## What the exercise asks
Starting with the line that has "Bianco Lucci Women's" in the records below and ending with the line that has "Nike Womens WMNS", output those lines exactly and nothing more; omit the pictures.

## Records for the exercise
= = = = =
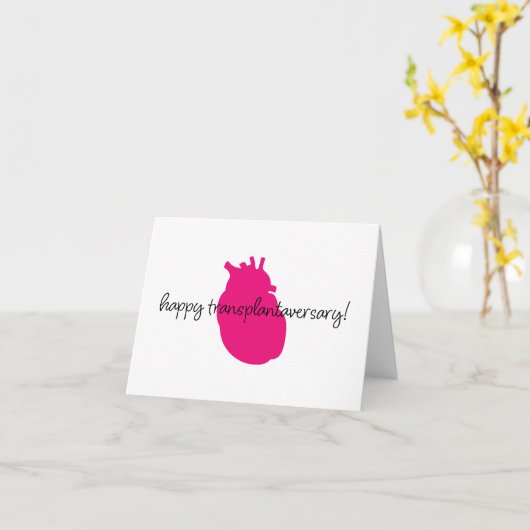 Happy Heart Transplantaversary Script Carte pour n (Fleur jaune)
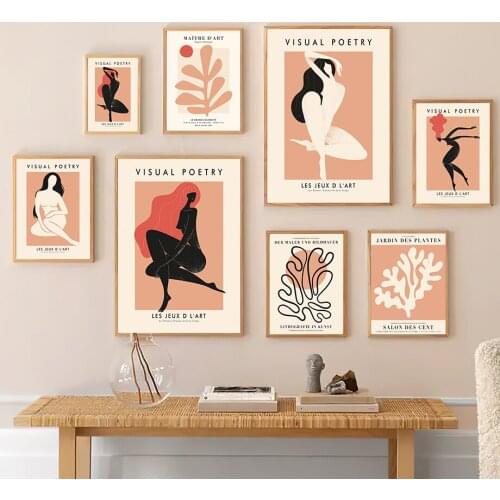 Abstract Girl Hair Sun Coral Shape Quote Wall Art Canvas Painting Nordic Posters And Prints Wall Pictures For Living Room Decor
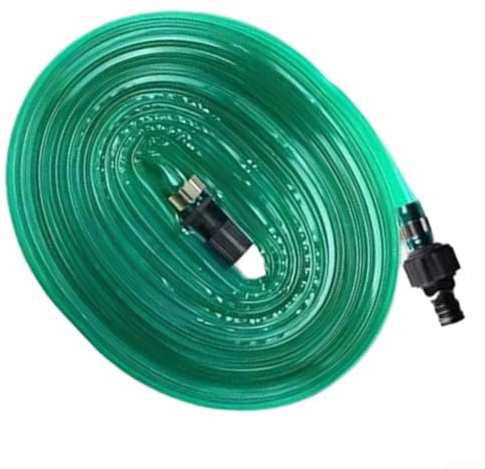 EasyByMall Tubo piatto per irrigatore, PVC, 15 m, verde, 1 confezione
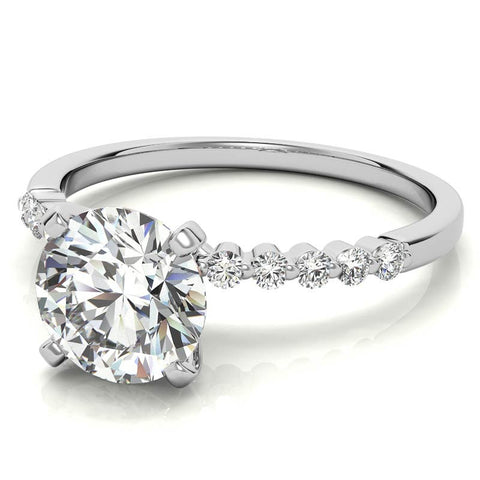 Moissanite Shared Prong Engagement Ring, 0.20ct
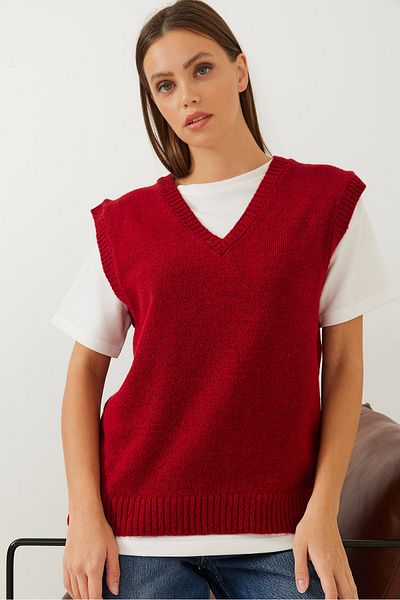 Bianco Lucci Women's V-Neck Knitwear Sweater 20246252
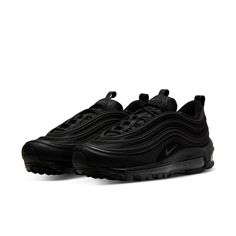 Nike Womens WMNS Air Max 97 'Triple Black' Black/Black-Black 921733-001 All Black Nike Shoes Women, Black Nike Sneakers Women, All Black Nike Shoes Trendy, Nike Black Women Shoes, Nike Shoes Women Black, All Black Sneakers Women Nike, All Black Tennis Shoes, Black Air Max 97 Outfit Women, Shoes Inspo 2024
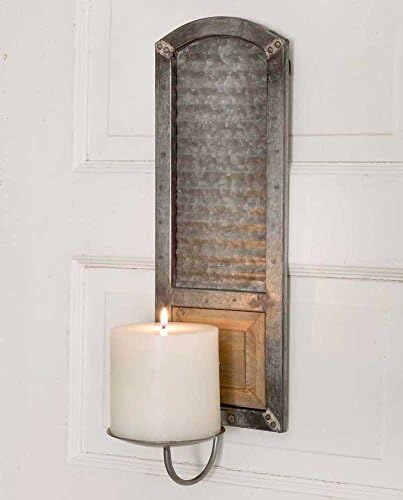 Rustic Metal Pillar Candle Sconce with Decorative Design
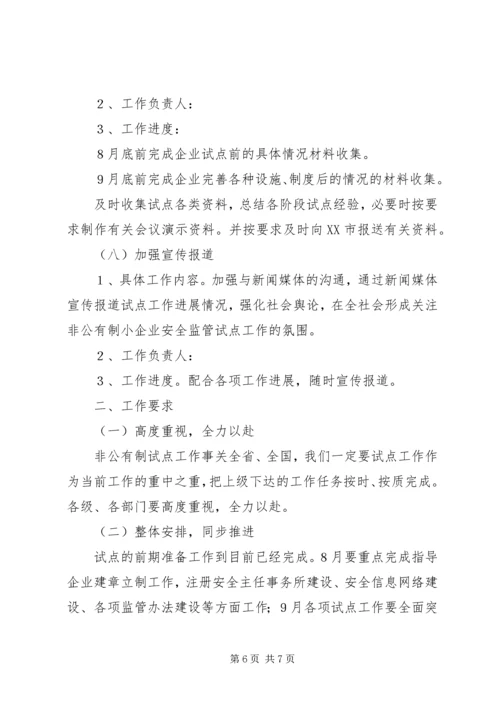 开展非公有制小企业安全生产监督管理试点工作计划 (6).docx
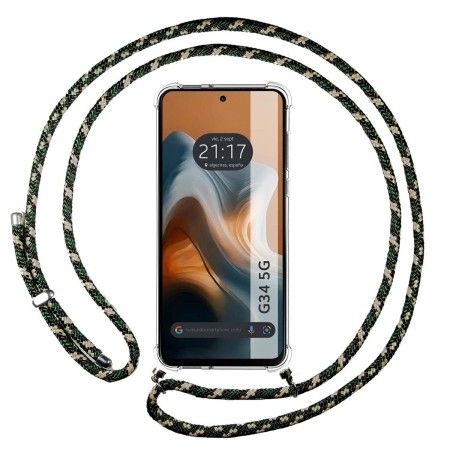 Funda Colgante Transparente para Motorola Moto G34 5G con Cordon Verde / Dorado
= = = = =
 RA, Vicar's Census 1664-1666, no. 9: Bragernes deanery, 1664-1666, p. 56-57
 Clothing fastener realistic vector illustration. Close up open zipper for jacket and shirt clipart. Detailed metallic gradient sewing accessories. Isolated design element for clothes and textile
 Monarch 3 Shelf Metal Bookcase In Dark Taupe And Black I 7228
= = = = =
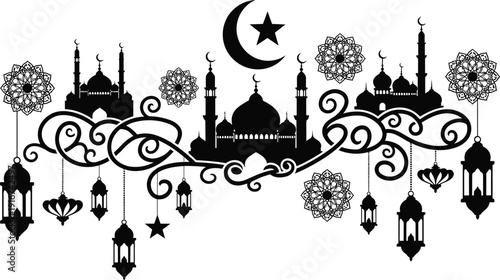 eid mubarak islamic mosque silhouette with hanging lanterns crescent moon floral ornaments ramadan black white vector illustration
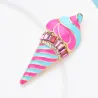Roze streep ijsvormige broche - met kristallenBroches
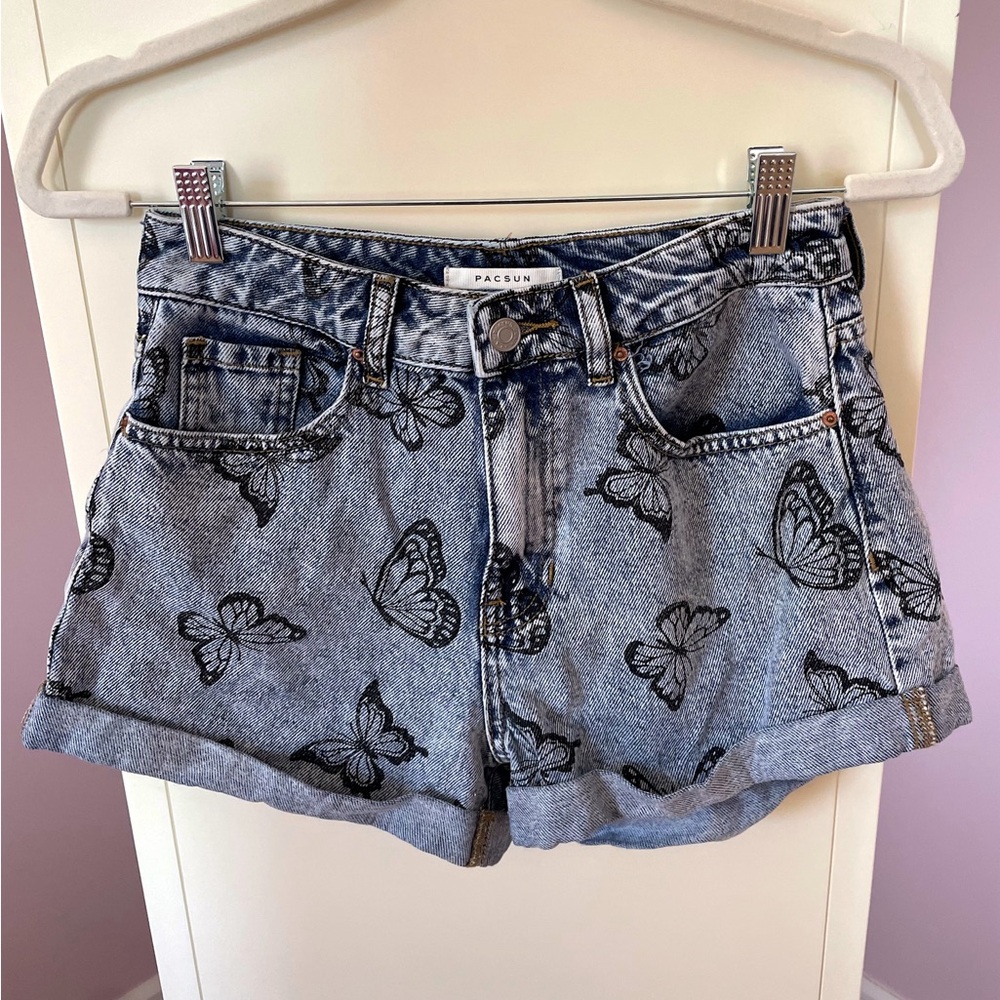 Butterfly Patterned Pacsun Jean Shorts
= = = = =
## Written response
 Bianco Lucci Women's V-Neck Knitwear Sweater 20246252
 Nike Womens WMNS Air Max 97 'Triple Black' Black/Black-Black 921733-001 All Black Nike Shoes Women, Black Nike Sneakers Women, All Black Nike Shoes Trendy, Nike Black Women Shoes, Nike Shoes Women Black, All Black Sneakers Women Nike, All Black Tennis Shoes, Black Air Max 97 Outfit Women, Shoes Inspo 2024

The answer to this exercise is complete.